En el país de los excesos, Varela eludía las facilidades del idioma y hasta su respiración. Parecía decirnos muy poco y aun tapándose la boca. La verdad es que decía mucho callándose el tundete.

No se oye bien a Varela, que huye de las sinfonías y que apela a chirridos y disonancias. Pero en el fondo de ese estanque sucio brilla algo vivo que no quiere presentarse con una forma definida y que es, en suma, una vibración, una intuición, casi una amenaza de sentido.

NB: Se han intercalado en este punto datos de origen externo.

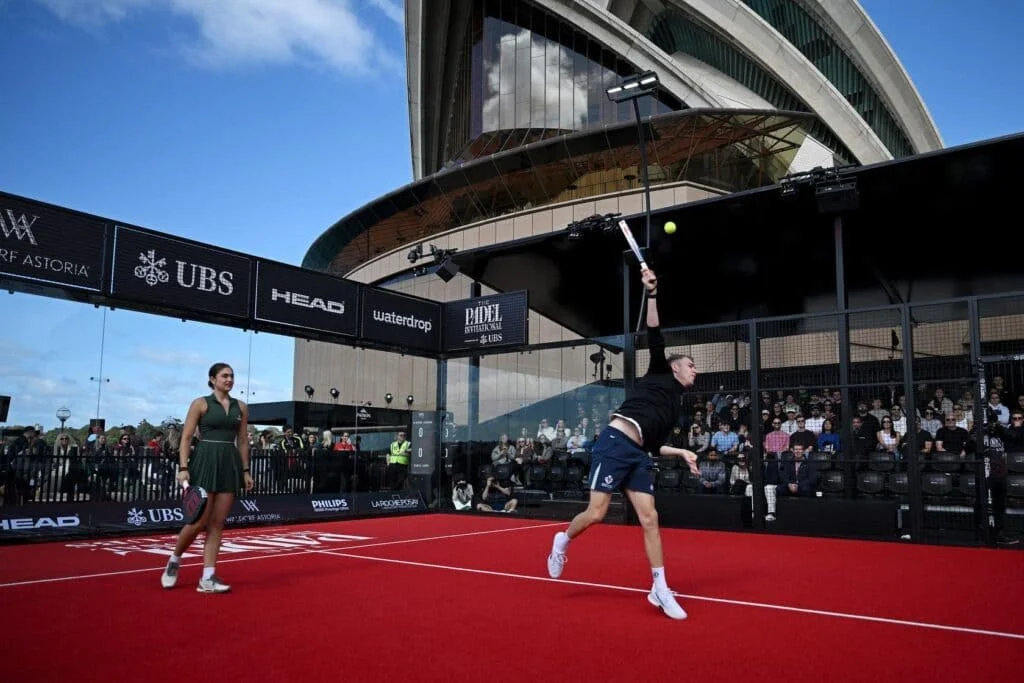 Player hitting an overhead shot during a padel exhibition match beside the Sydney Opera House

Venida del surrealismo sin aceptarlo del todo, Varela goteaba lo que escribía y escondía muchas cosas y rompía muchas otras. No puedo jurarlo pero algo me dice que hacía pedazos el papel que albergase un poema que no viniese de la materia oscura.

Al fin y al cabo, estamos rodeados de materia oscura. Y esta verdad estelar estaba de algún modo en la poesía de Varela. Ella era un observatorio que declaraba la imposibilidad de descifrar el universo. Había una especie de placer en ese reconocimiento, un modo honesto de ser un ser humano despojado de sus peores arrogancias. El goce de la sabiduría destituido por el goce de la insuficiencia.

En el testimonio de la venezolana Yolanda Pantin (1996) se cita a Blanca Varela diciendo “me da miedo caer en una retórica del horror”. Lo que no hizo jamás fue caer en el horror de la retórica.

La Pantin, que grabó largas horas de conversación durante una permanencia de Varela en Caracas, recuerda que la poeta nacida en Supe declaró su admiración por Francis Bacon y “esas figuras borradas”. Esa afinidad está retratada en un solo verso que es toda una doctrina vareliana:

“De lo inexacto me alimento/ y toda el agua de los cielos es incapaz de lavar/ esta ínfima y rebelde herida de tiempo que soy...”

Ayer, esa herida ha terminado de cerrarse. Para nuestro pesar.